On the other hand, I have stayed at some parks where cell phones won’t operate due to a weak or nonexistent signal. In those cases it would be nice to have another communication media available if I needed to contact someone. Plus, accessing the internet for weather reports or a forgotten file could be handy too!
What are your thoughts?
Please share using the comment box below.
OLYMPIA, Wash. – A wi-fi connection and smart phone bar codes could be coming to a state park near you. Those are just two of the ideas under consideration as Washington State Parks tries to recruit a new generation of visitors.
It’s a new era at Washington State Parks. The legislature last year created a $30 annual Discover Pass to replace state funding. But sales have been sluggish. So now the State Parks system is set to ramp up its marketing effort.

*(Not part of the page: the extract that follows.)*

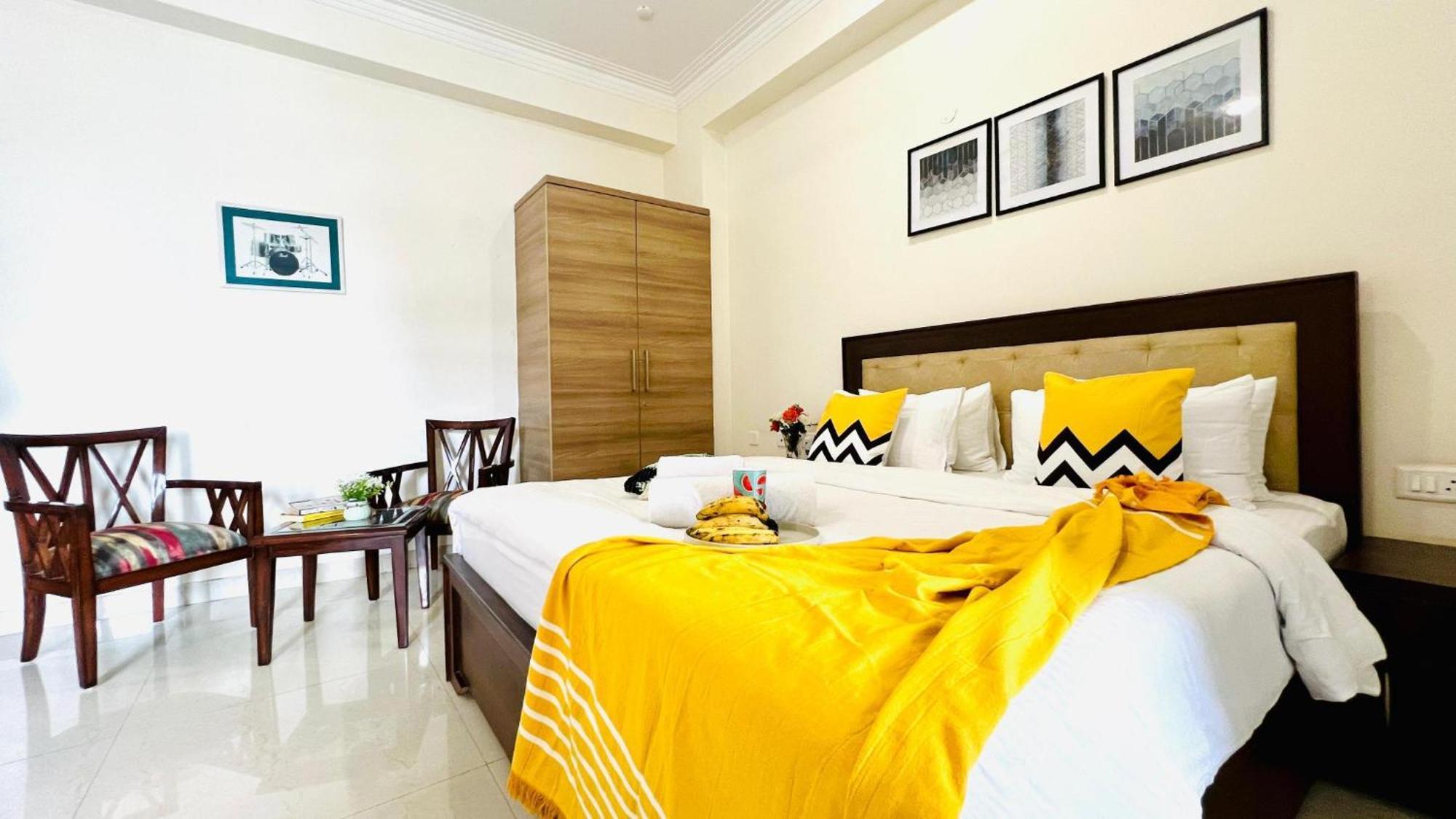 Bluo Studio4 Golf Course Road - Gym, Balcony, Lift Gurgaon Eksteriør billede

A new promotional video aimed at young professionals that is about to debut online says, “So let’s discover what’s out there. You could set out on a rock climbing adventure….”
Don Hoch directs Washington State Parks. He says as his agency heads into its centennial year, the old model of the legislature funding the parks has ended.
“For 99 years we’ve been getting a check,” Hoch says. “Well now people are going to have to choose us. So we have to be more entrepreneurial. We have to look at how to we attract people to continue to parks.”
Hoch says that means bringing technology to parks –- like Internet connections and perhaps even explanations of park features that you would call up on your smart phone. But he draws the line at billboards, privatization and timber operations at state parks.
Declining state support is a national trend. In Oregon, the parks system has been self-funded since 1999. Next year, Idaho State Parks rolls out its new Passport program to replace vanishing state dollars.